Concetti quali le comunità web, il nomadismo psichico, la tribalità, sono aspetti relativi alle trasformazioni tecnologiche in atto, coloro che vi appartengono non sono direttamente accostabili all'ambiente del rave party. La cultura del nomadismo risponde ad una esigenza moderna, il mondo globalizzato e l'apertura della rete sono una risposta contro una cultura che crede ancora nella territorialità, i confini e la sovranità dello Stato. E' una reazione alla cultura della "residenza", la quale è più influenzata da quel che accade dal territorio virtuale del web piuttosto che dagli ambienti ristretti del rave che celebra la sua esistenza in brevi istanti di vita.

E' un tentativo comunque gradito per riportare in libreria un tema di cui la società continuerà perlopiù ad ignorarne l'esistenza, e ancor più gradito per essere scritto da italiani e non l'ennesima traduzione di origine anglosassone.

Forse una dimostrazione che il testo non nasce dall'interno del rave è soprattutto la totale assenza di riferimenti musicali, tribe, eventi, generi. Un limite per una sua uscita dalle accademie; in questo senso il racconto, proprio per il suo finale estremamente tragico, rischia di continuare a riproporre pregiudizi diffusi in ambienti lontani dai luoghi della pratica del rave; il racconto pecca di una grave lacuna; non rappresenta in alcun modo la sfera delle emozioni che vivono nel frequentatore di parties illegali, introduce invece personaggi che con la rave culture non hanno nulla a che vedere, piuttosto appartengono a quella malaugurata presenza che infesta il rave come occasione finalizzata allo sballo.

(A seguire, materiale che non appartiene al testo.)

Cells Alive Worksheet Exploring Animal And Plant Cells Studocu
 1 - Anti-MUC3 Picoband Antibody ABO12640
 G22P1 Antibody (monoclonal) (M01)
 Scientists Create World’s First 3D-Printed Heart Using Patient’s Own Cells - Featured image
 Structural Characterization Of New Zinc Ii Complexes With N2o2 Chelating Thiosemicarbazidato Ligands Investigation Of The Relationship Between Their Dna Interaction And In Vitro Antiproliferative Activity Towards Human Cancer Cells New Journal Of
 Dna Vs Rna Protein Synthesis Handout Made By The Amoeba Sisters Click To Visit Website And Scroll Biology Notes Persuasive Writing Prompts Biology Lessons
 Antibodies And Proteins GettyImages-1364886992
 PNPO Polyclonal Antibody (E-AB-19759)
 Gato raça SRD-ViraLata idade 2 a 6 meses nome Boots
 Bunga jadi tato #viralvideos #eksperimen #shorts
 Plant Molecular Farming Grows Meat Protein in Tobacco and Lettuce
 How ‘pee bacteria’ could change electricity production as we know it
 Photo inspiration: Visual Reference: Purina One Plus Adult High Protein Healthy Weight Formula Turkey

Ne esce una descrizione del rave su un piano distaccato, da laboratorio di sperimentazione animale, senza sottolineare l'importanza del laboratorio stesso, fondamentale, essenziale, un simbolo, una Fabbrika, sempre scritta con la K, luogo deturpato e fatiscente, luogo di abbandono, a suo modo romantico, romanticismo incomprensibile perché non profuma di Natura ma di oli di manutenzione, indecifrabile in quanto la luna non riflette in un lago di montagna ma in pozzanghere col fondo grigio di cemento, esotico non per la presenza di rovine azteche quanto per la presenza di immensi spazi svuotati della loro funzione, come le vecchie cattedrali senza tetto, e per questo ancor più romantici e sublimi perché in mezzo a quelle mura in rovina e tubature divelte vaghi, senza il noioso cicaleccio prodotto dal turista ma con una bassa frequenza che ascolti con ogni centimetro quadrato del tuo corpo.